Chief Bottler, Director of hatcheries and Conditioning, Director of Predestination, Deputy Assistant Fertilizer-General, Professor of Feelies in the College of Emotional Engineering, Dean of the Westminster Community Singery, Supervisor of Bokanovskification, State Conditioning Centre – I invite you into the world of Aldous Huxley’s Brave New World. In this brave new world, babies are essentially manufactured on an assembly line, and while they sleep at nights, they are preprogrammed so that they will grow into people who always accept the status quo, never thinking for themselves, nor questioning things. If someone has a stressful day, to cope, they take a soma pill to dull their senses. Those in charge approve of  using Pavlov conditioning on 8-month old babies to prevent them from liking books and flowers. And children are brought up in state conditioning centres.

Is this a world that you would like to inhabit?

What makes a writer think of ideas such as the ones in Brave New World? To understand a work of literature, it helps to understand the context behind the art. What experience caused the author to write the book? In this instance, Aldous Huxley visited the United States in 1926, and he was disturbed by the rise of capitalism and Henry Ford’s introduction of the assembly line, which was now common in factories. Huxley believed that the conditions under which factory workers were working was dehumanizing. His visit to the US was after World War I and the Bolshevik Revolution, but before Stalinism and Nazism took hold.

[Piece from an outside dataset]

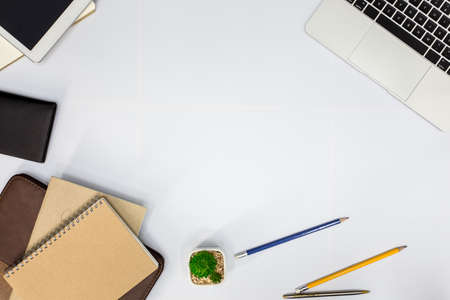 White office desk. table with blank notebook, tablet, calculator, computer and other office...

Brave New World is satirical, set in London in the seventh century AF (After Ford), 632 years after the birth of American Industrialist Henry Ford (Profile of Henry Ford), who invented the Model T car. Brave New World reminded me of George Orwell’s 1984, I felt a sense of hopelessness after finishing the book, and it is a scary place to be as governments increasingly try to control people. Dystopia or Utopia does not work and we have to find a common ground.

“‘But I don’t want comfort. I want God, I want poetry, I want real danger, I want freedom, I want goodness. I want sin.’”

“‘In fact,’ said Mustapha Mond, ‘you’re claiming the right to be unhappy.’”

“‘All right then,’ said the Savage defiantly, ‘I’m claiming the right to be unhappy.’”

“‘Not to mention the right to grow old and ugly and impotent; the right to have syphilis and cancer; the right to have too little to eat; the right to be lousy; the right to live in constant apprehension of what may happen tomorrow; the right to catch typhoid; the right to be tortured by unspeakable pains of every kind.’”

This is one of the profound and engaging dialogues in Brave New World, and I cannot help but wonder what you would be prepared to give up for the right of freedom.

In the story, the World State’s Motto is Community, Identity and Stability and there are five classes of people, the intellectual classes, the Alphas and Betas, and the lesser classes – Gammas, Deltas, and Epsilons. In manufacturing babies they practice ethnic cleansing because social class is predetermined. The elderly are not appreciated for their wisdom because they are considered not to be beautiful. People are in a state of perpetual happiness, where their senses are dulled because of drugs, they play sports, and there is no commitment where sex is concerned because in the community it is recreational. The community is one where monogamy does not exist, and it is frowned upon. And everyone looks svelte – no bad hair day for you!

Bernard Marx is considered an outsider because he is very different from others in the State, and he feels displaced. He takes a trip outside the State with Lenina Crowne and meets John, who was raised as a “savage”. John’s mother, Linda, who once lived in the World State, had John the normal way – though procreation – and not via Eugenics, which is the way of the State. When people do not conform to the State’s way, they are banished to an island, where normal people like us live. Bernard returns to the State with John and Linda. Helmholtz Watson is also a rebel, exercising his rebelliousness by writing forbidden poems.

John is seen as a novelty, because he is different, and he challenges the status quo which makes people uncomfortable. Bernard is weak, cowardly and doesn’t know how to challenge authority, even though he does not fit in or agree with the way things are – he is a product of his upbringing. Bernard changes by encountering John, but not enough for him to evolve as a person. Helmholtz and John create a minor rebellion by disrupting the distribution of soma. In the end John nor Helmholtz has not made much of a difference, and they leave the community separately. Helmholtz and Bernard go to the same island. After reading Brave New World by Aldous Huxley, I feel let down, and I feel a sense of hopelessness, and I wonder if the brave new world is where today’s society is heading. But I also think that it is good for us to read books such as Brave New World because they make us anxious, and force us to think about the environment in which we live, and perhaps some of us will stand up and oppose indignities and injustices.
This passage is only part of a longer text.